■ Task to complete
Every line from the one containing "Bioda Commercial Strength" through the last line below should be reproduced exactly; please include nothing else.

■ Collected data
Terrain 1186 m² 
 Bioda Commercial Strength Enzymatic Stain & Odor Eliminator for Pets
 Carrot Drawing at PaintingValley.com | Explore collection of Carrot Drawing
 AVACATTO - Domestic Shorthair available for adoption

■ Task answer
 Bioda Commercial Strength Enzymatic Stain & Odor Eliminator for Pets
 Carrot Drawing at PaintingValley.com | Explore collection of Carrot Drawing
 AVACATTO - Domestic Shorthair available for adoption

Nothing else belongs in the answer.